Dorsey buckled Jesus’ knees with a booming right in the fourth, but Jesus was landing three punches to his foe’s one. From the third round on, a doctor stuck his head through the ropes to check on Dorsey. “Doing fine! Thank you!” the game fighter barked. The surgical reconstruction held up, but he suffered a small cut high on his cheek, and both eyes were closing. After the seventh, the doctor stopped it. As the victor hugged and kissed his girlfriend, his performance was greeted at ringside with an approving hum. Behind me, George Foreman’s brother, promoter Roy Foreman, sat beside Bert Sugar, the legendary former editor of Ring magazine. Sugar’s signature is an oversized fedora, an unlit cigar, and a sense of having seen it all, often to his regret.
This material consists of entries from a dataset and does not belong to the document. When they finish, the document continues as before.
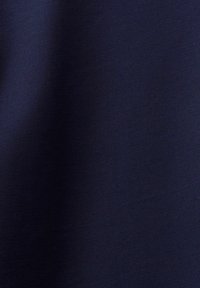 Marinblått tyg med en slät, något texturerad yta. Enhetlig färg utan synliga mönster eller utsmyckningar.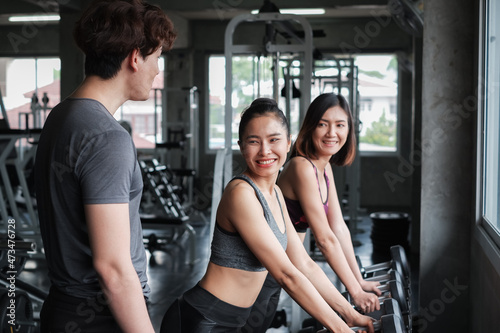 asia group friends working out or exercise and wearing sportswear in fitness or gym center, strength sporty and weight loss concept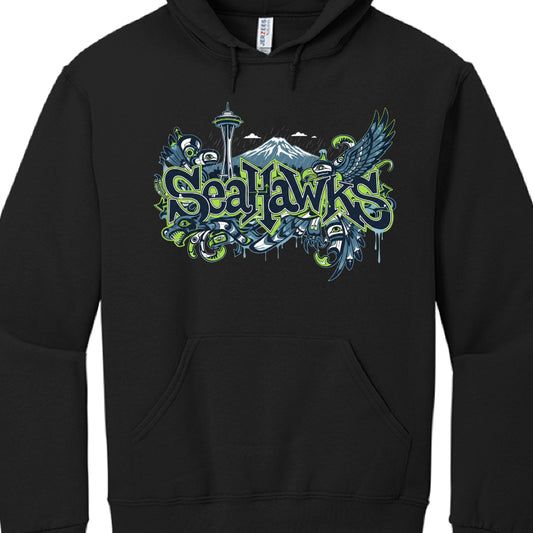 Graphic Design Elements
The central artwork combines sports fandom with urban street art and Indigenous cultural motifs:

Typography: The word "SEAHAWKS" is rendered in a jagged, "wildstyle" graffiti font with a black-and-grey fill and a neon "Action Green" outline.

Regional Landmarks: The background features a grey silhouette of the Seattle skyline, including the iconic Space Needle.

Indigenous Art Influence: The design is framed by patterns inspired by Pacific Northwest formline art, a style originally 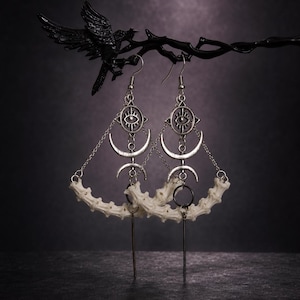 May include: A pair of silver-toned dangle earrings featuring a central eye charm, a crescent moon symbol, and a curved, off-white bone segment. The earrings are suspended by thin silver chains and include a straight metal bar hanging from the base.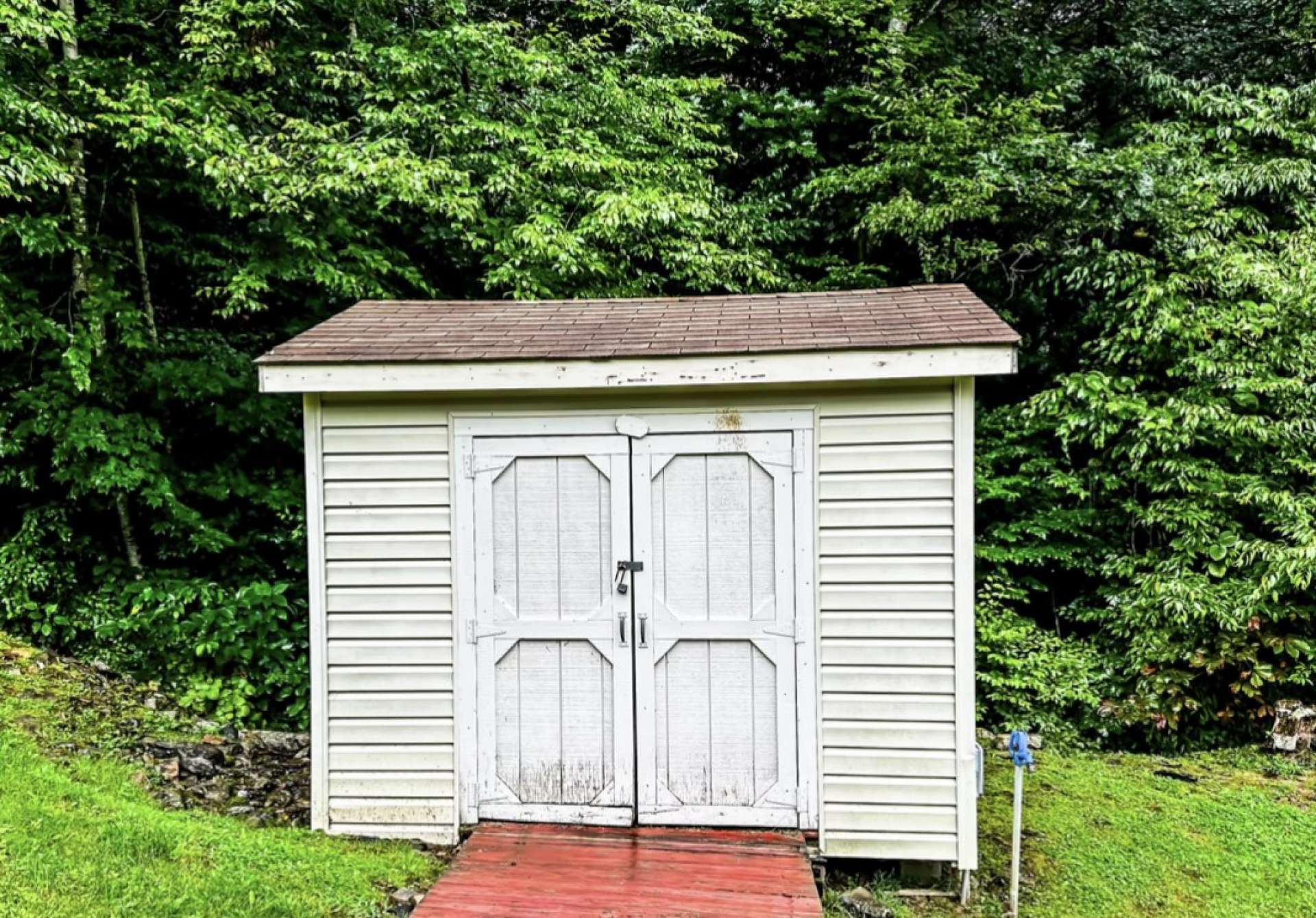 Additional storage building for lawn equipment or chemicals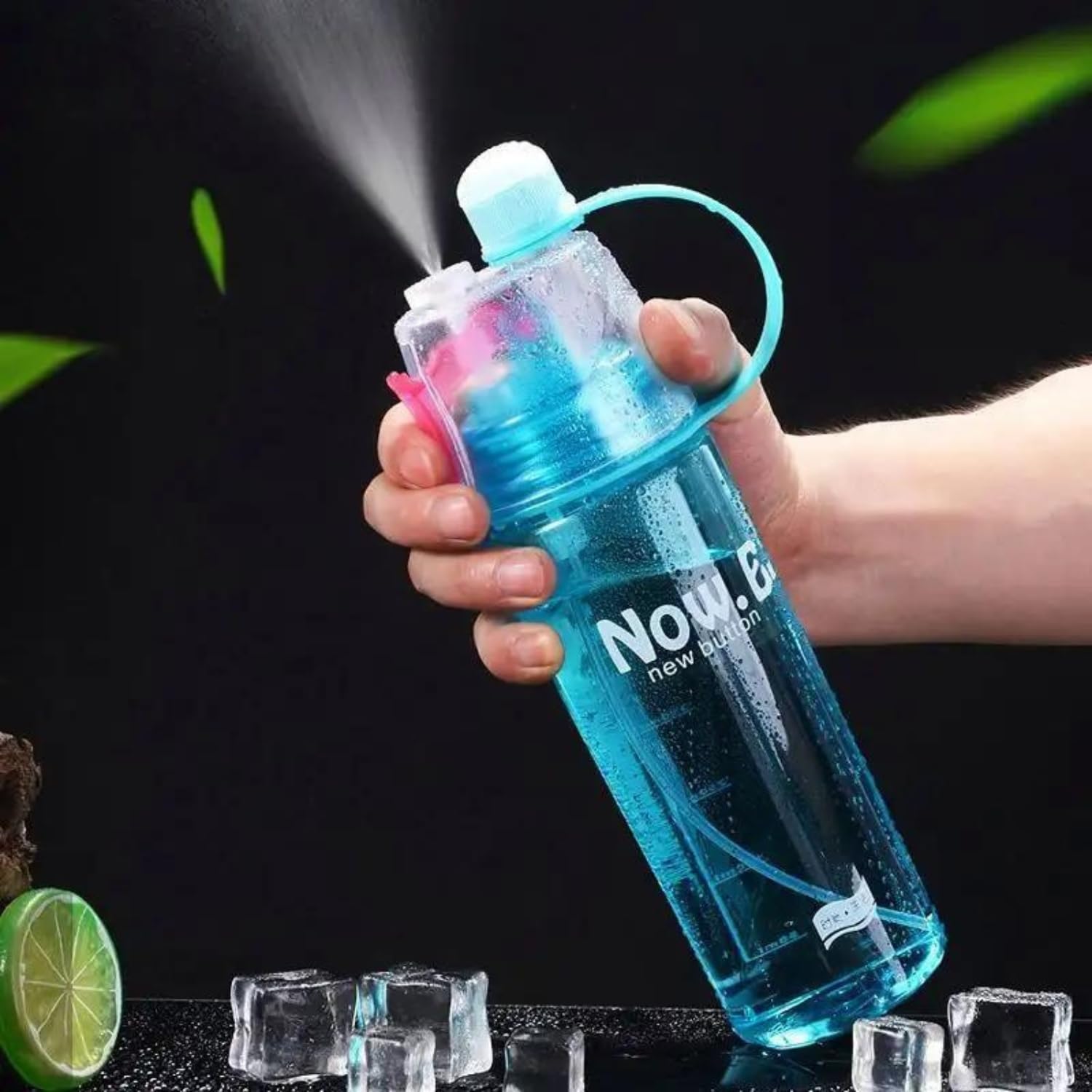 Blue spray bottle held by a hand with ice cubes and a lime in the background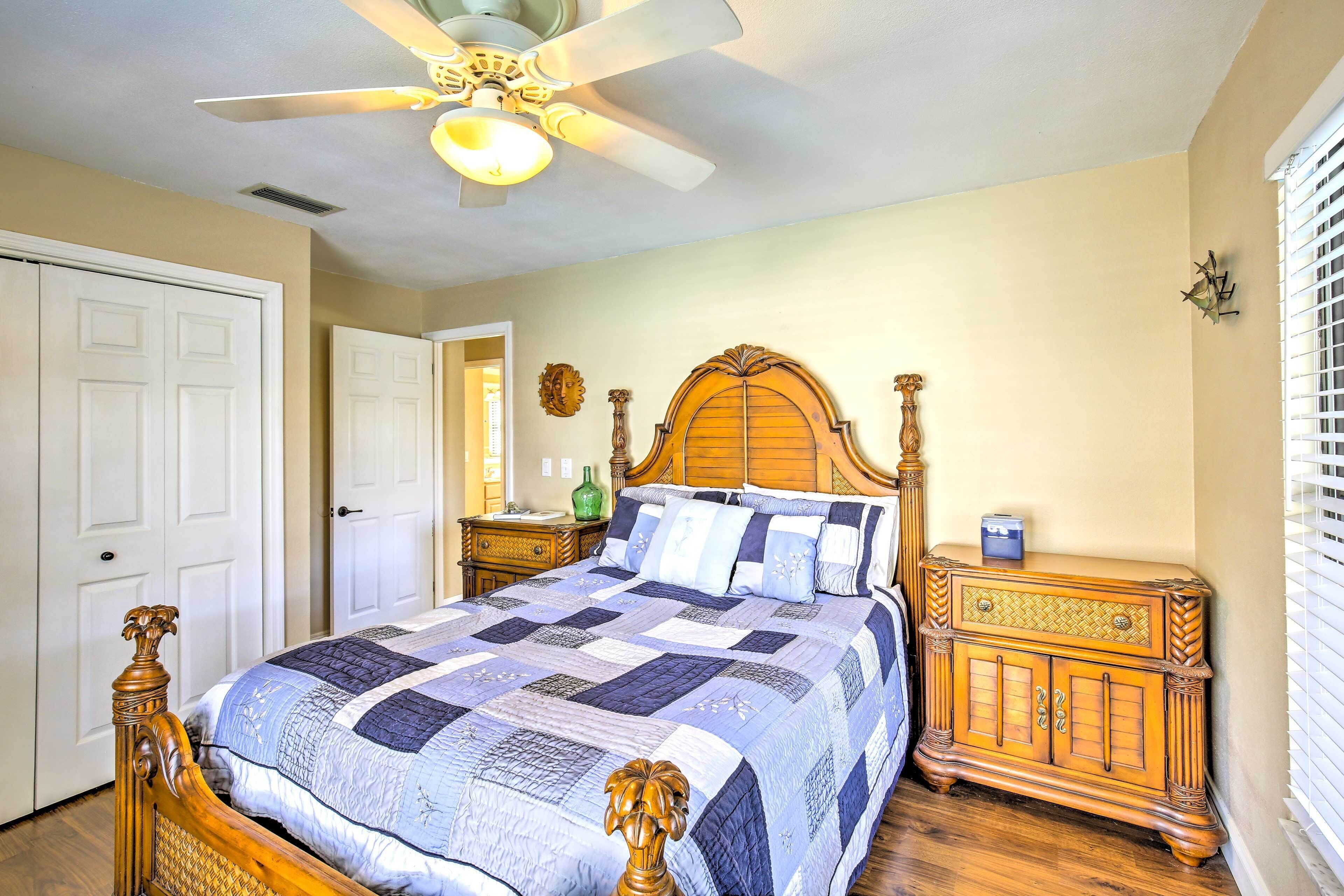 A bedroom with a wooden bed, a nightstand, a dresser, a ceiling fan, and a door.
Foreman asked him what he thought of this new one.

Four-word reply: “Too nice a kid.”

ELEVEN DAYS LATER, JESUS LEFT THE country, taking little but clothes, his bag of gear, and his dalmatian. Once again he went to Delicias. One day he returned to his birthplace, Parral; he met his 96-year-old great-grandmother and saw the Pancho Villa tourist attractions. He found a gym in Delicias and capable sparring partners. “I think I’ll be happy,” he had told me before he left the U.S. “Finally I get a chance to rest. Finally I get to kick back and, hell, enjoy a cold Corona.”

But Jesus went to Mexico with the necessary patience of someone doing time. His lifeline is the telephone. In Atlantic City I had met Steve Farhood, a former editor of Ring magazine who now provides boxing commentary for the CNN/SI network. “The contract with Main Events was a major breakthrough for him,” Farhood said. “Otherwise he wouldn’t have gotten the exposure. He’s an entertaining young offensive fighter, very exciting to watch. His big chance is going to come sometime in 1998.”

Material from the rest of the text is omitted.